Is there a general strategy to create an efficient bit permutation algorithm. The goal is to create a fast branch-less and if possible LUT-less algorithm. I'll give an example:
A 13 bit code is to be transformed into another 13 bit code according to the following rule table:
BIT | INPUT (DEC) | INPUT (BIN) | OUTPUT (BIN) | OUTPUT (DEC) |
---|---|---|---|---|
0 | 1 | 0000000000001 | 0000100000000 | 256 |
1 | 2 | 0000000000010 | 0010000000000 | 1024 |
2 | 4 | 0000000000100 | 0100000000000 | 2048 |
3 | 8 | 0000000001000 | 1000000000000 | 4096 |
4 | 16 | 0000000010000 | 0000001000000 | 64 |
5 | 32 | 0000000100000 | 0000000100000 | 32 |
6 | 64 | 0000001000000 | 0001000000000 | 512 |
7 | 128 | 0000010000000 | 0000000010000 | 16 |
8 | 256 | 0000100000000 | 0000000001000 | 8 |
9 | 512 | 0001000000000 | 0000000000010 | 2 |
10 | 1024 | 0010000000000 | 0000000000001 | 1 |
11 | 2048 | 0100000000000 | 0000000000100 | 4 |
12 | 4096 | 1000000000000 | 0000010000000 | 128 |
Example: If the input code is 1+2+4096=4099 the resulting output would be 256+1024+128=1408
A naive approach would be:
OUTPUT = ((INPUT AND 0000000000001) << 8) OR ((INPUT AND 0000000000010) << 9) OR ((INPUT AND 0000000000100) << 9) OR ((INPUT AND 0000000001000) << 9) OR ...

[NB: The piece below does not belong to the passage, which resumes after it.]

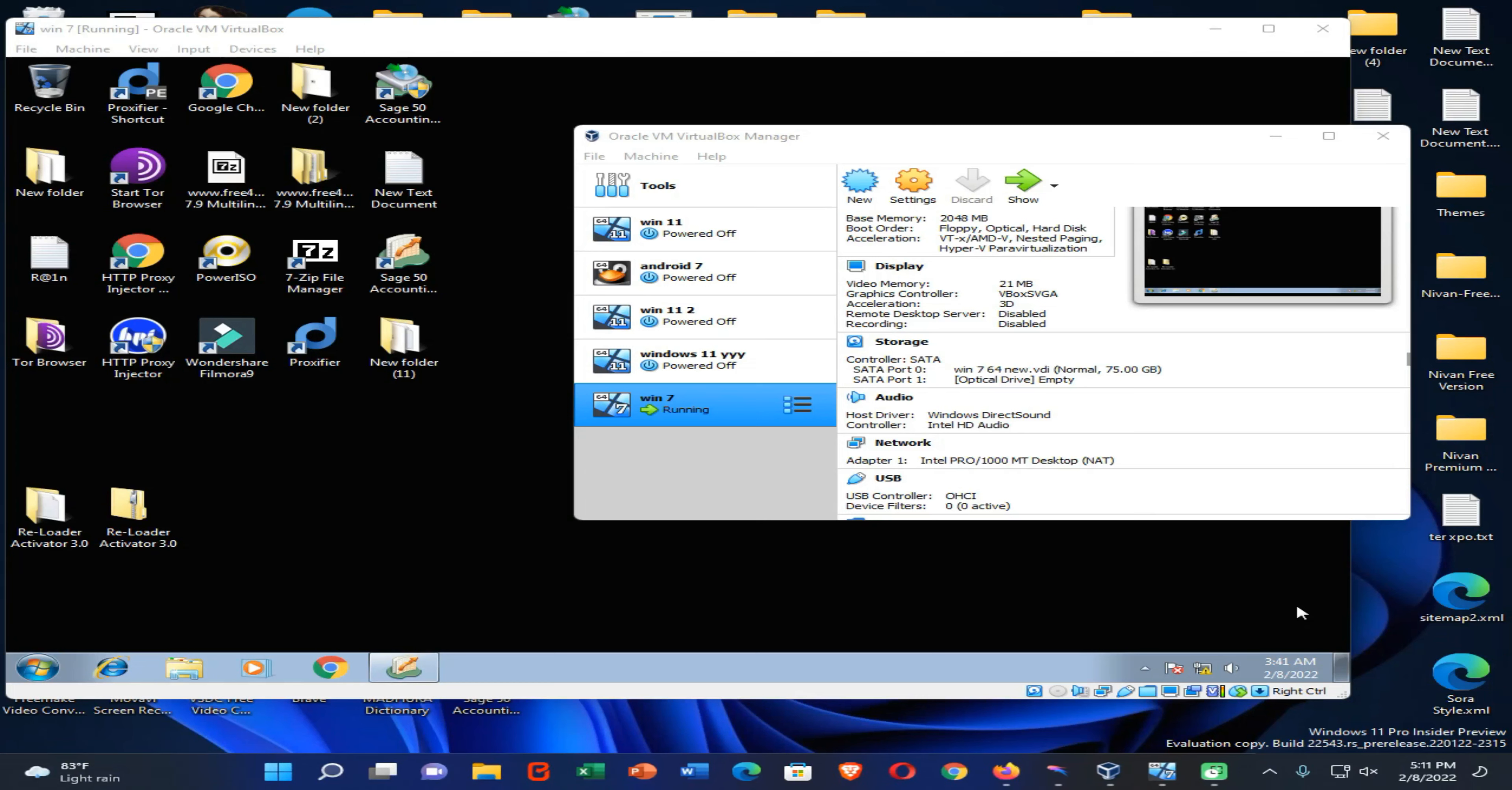Hi friends, welcome all of you back to my YouTube channel. This is Virtual Textual. I am Pawan. Today I am going to show you how you can install and run Windows 7 inside of Oracle VirtualBox VM Manager.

It means we have 3 instructions per bit (AND, SHIFT, OR) = 39-1 (last OR omitted) instructions for the above example. Instead we could also use a combination of left and right shifts to potentially reduce code size (depends on target platform), but this will not decrease the amount of instructions.
When inspecting the example table, you will of course notice a few obvious possibilities for optimization, for example in line 2/3/4 which can be combined as ((INPUT AND 0000000000111) << 9)
. But beside that it is becoming a difficult tedious task.
Are the general strategies? I think using Karnaugh-Veitch Map's to simplify the expression could be one approach? However it is pretty difficult for 13 input variables. Also the resulting expression would only be a combination of OR's and AND's.
For bit permutations, several strategies are known that work in certain cases. There's a code generator at https://programming.sirrida.de/calcperm.php which implements most of them. However, in this case, it seems to find only basically the strategy you suggested, indicating that it seems hard to find any pattern to exploit in this permutation.